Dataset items
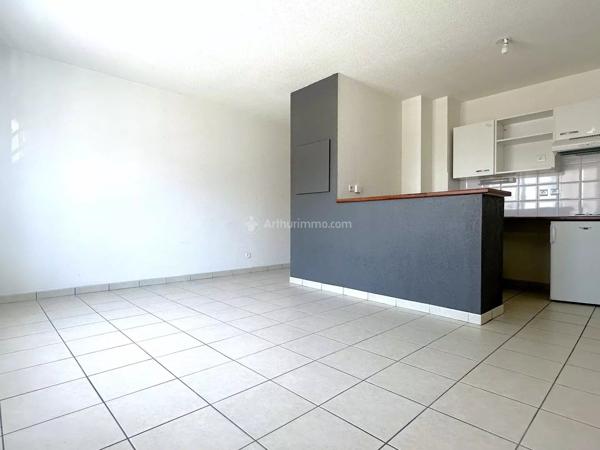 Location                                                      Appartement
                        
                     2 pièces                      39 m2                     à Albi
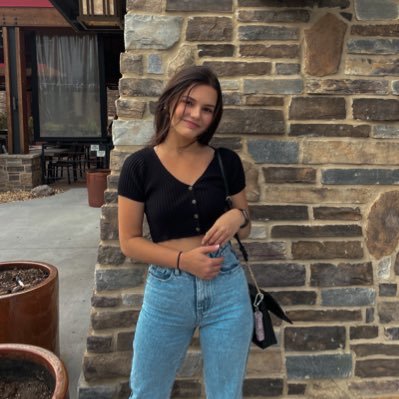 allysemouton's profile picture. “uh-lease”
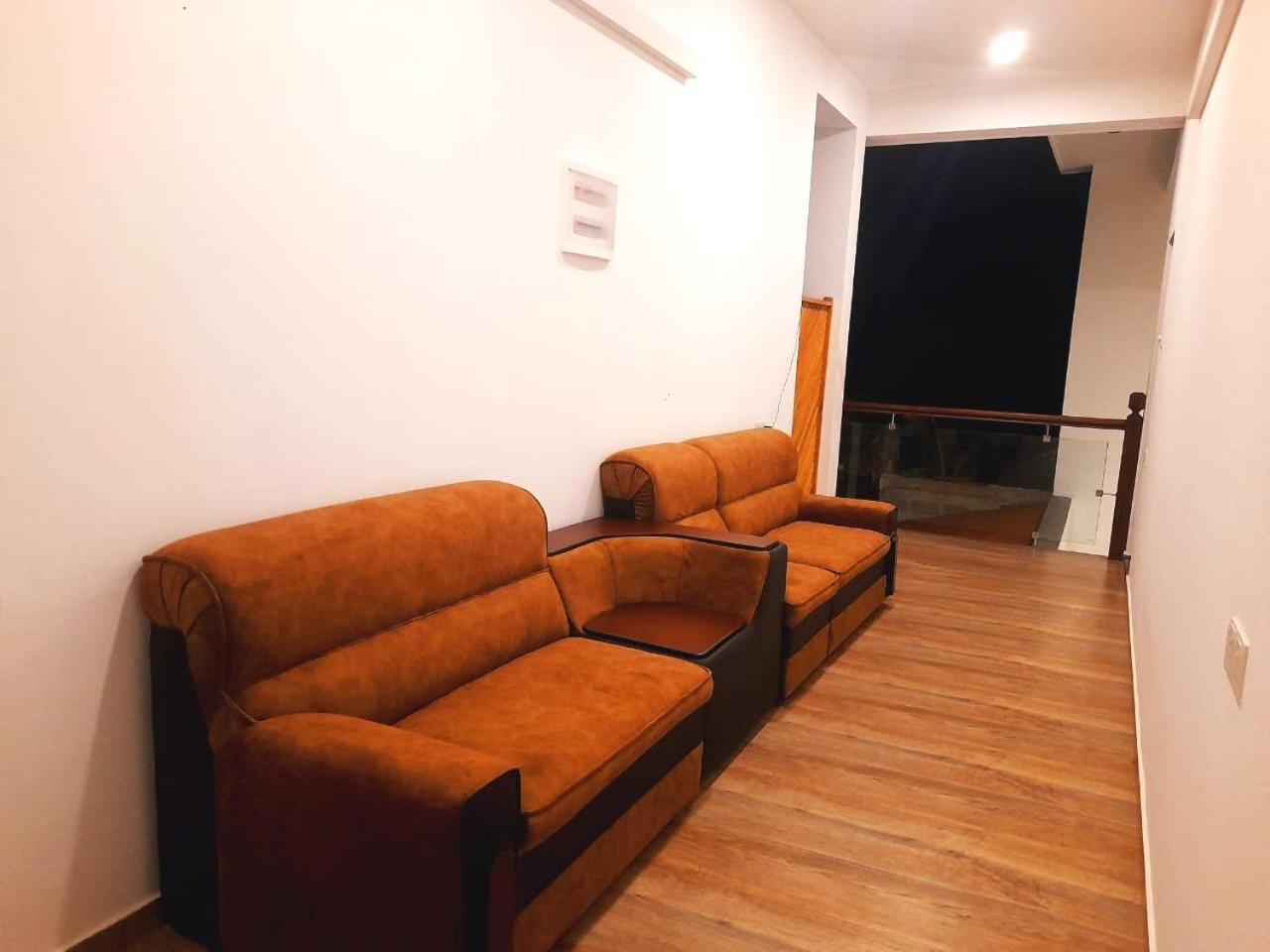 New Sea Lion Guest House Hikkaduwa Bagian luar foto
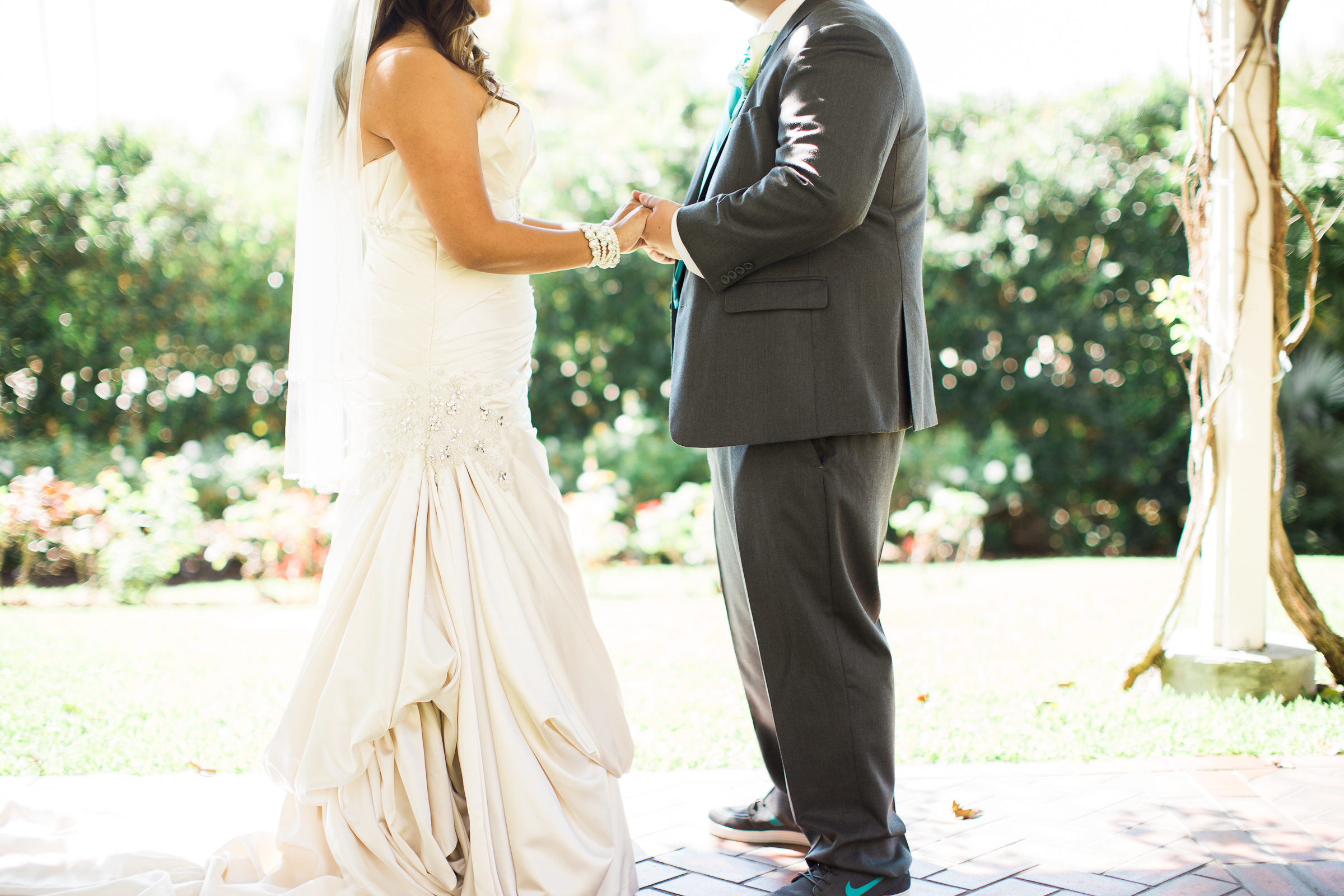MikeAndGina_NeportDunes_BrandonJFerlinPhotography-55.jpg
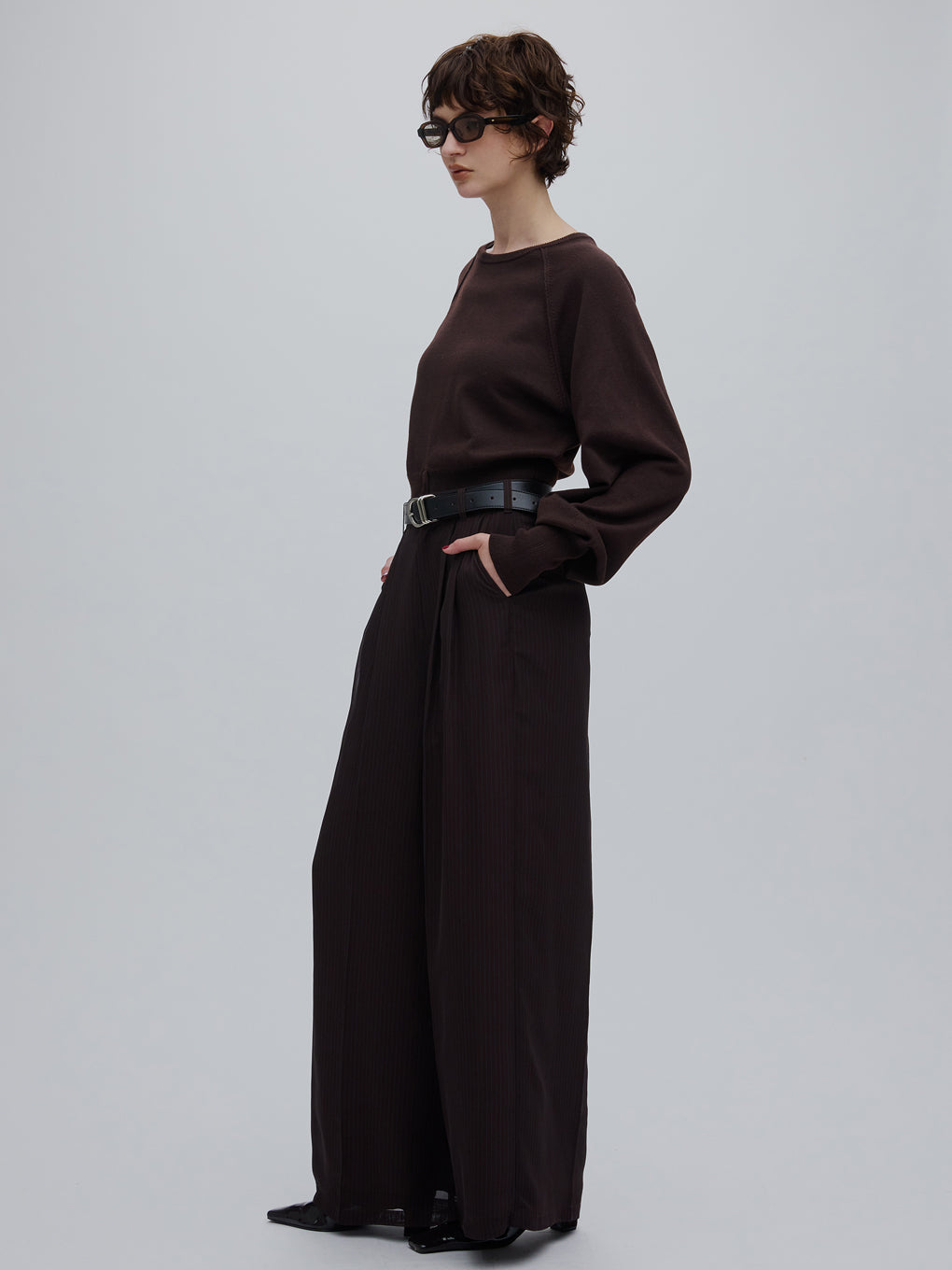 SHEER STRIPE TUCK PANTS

__What needs to be done__
Word for word, copy every line of the data, excluding any pictures.

__Reply__
 Location                                                      Appartement
                        
                     2 pièces                      39 m2                     à Albi
 allysemouton's profile picture. “uh-lease”
 New Sea Lion Guest House Hikkaduwa Bagian luar foto
MikeAndGina_NeportDunes_BrandonJFerlinPhotography-55.jpg
 SHEER STRIPE TUCK PANTS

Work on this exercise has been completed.